Throughout the tour, he points out many striking buildings including the distinctive Corn Cob Towers at Marina City (300 North State Street) and the Willis Tower (formerly Sears Tower at 233 South Wacker Drive), the 108-storey skyscraper that was once the world's tallest building.

Then there is the Old Chicago Main Post Office (433 West Van Buren Street) where the Joker's bank robbery in The Dark Knight was filmed and the Carbide and Carbon Building (230 North Michigan Avenue) that was reputedly inspired by a champagne bottle.

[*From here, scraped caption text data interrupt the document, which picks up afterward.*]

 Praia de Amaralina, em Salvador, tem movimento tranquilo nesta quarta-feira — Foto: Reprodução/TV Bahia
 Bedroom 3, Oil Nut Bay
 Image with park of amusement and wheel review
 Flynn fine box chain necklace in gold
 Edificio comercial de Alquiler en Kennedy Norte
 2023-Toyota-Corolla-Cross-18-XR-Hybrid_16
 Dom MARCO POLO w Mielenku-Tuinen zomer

Evan relates the surprising news that despite being known as the Windy City, Chicago is actually the 16th windiest city in the United States, with the title originally given from its windbag politicians. And that Chicago River is one of the only rivers to be reversed so that waste did not flow into Lake Michigan ("St Louis has bottled up all the wastewater and sells it back to use as Budweiser beer," he says).

For a different look at the city, the Chicago Architectural Foundation runs an Architectural Highlights By Bus tour that covers 48 kilometres over 3½ hours.

It starts in the central city, with a stop at the Rookery (209 South LaSalle Street), a 12-storey Romanesque building that was innovative for its "floating foundations" that allowed it to be built on marshy soil. Our guide, Joan, led us into the striking atrium in white marble and gold with a curved staircase that Wright modernised in 1905.

Then it was across the road to the Field Building – built on the site of the first skyscraper (135 South LaSalle Street) – to see its stylish art moderne lobby that has an elevator indicator panel that is a work of art in itself.

There is another stop at the Illinois Institute of Technology campus for Mies van der Rohe's Crown Hall (3360 South State Street), a huge glass workroom, and Rem Koolhaas' clever McCormick Tribune Campus Centre (3201 South State Street), which takes the curse off the elevated train line above it by wrapping it in a concrete and corrugated stainless steel tube.

Another stop is for Wright's famous Robie House (5757 South Woodlawn Avenue), a striking home of horizontal planes, recessed windows and decorative glass that the American Institute of Architects named one of the 10 most significant structures of the 20th century.

They all demonstrate why Chicago's architecture has led to it being called the Paris of the Prairie.

TRIP NOTES

MORE INFORMATION

choosechicago.com, architecture.org, blockmuseum.northwestern.edu

GETTING THERE

Qantas flies to Los Angeles (twice a day) and Dallas (six days a week) for American Airlines connections to Chicago.

STAYING THERE

The Acme Hotel Company (15 East Ohio Street) is a well-located boutique hotel with a rock'n'roll edge.

EATING THERE

Eataly (43 East Ohio Street) is an Italian food emporium, with a variety of restaurants upstairs and places for snacks, cakes and gelato downstairs.

SEEING THE ARCHITECTURE THERE

The Chicago Architecture Foundation (see architecture.org) runs walking, bus/trolley, L train, Segway, bicycle and river cruise tours. Wendella (see wendellaboats.com) also runs river cruise tours from March to November.

Garry Maddox travelled at his own expense.

BUILD IT AND THEY WILL COME

THE BEAN

Anish Kapoor's Cloud Gate – better known as the Bean – is a polished stainless steel sculpture in Millennium Park that draws in tourists like a magnet and brilliantly reflects the city's skyline.

JAY PRITZKER PAVILION

Frank Gehry designed a stainless steel dominated concert venue, also in Millennium Park, that seats more than 11,000 people and has an acoustic system suspended above the audience on a network of pipes. It hosts free concerts over summer.

WRIGLEY FIELD

The home of baseball's Chicago Cubs has a charm based in history, with its passionate fans, ivy-covered outfield wall, hand-turned scoreboard, traditional food and beer stalls and the quirky rows of seats on top of surrounding buildings.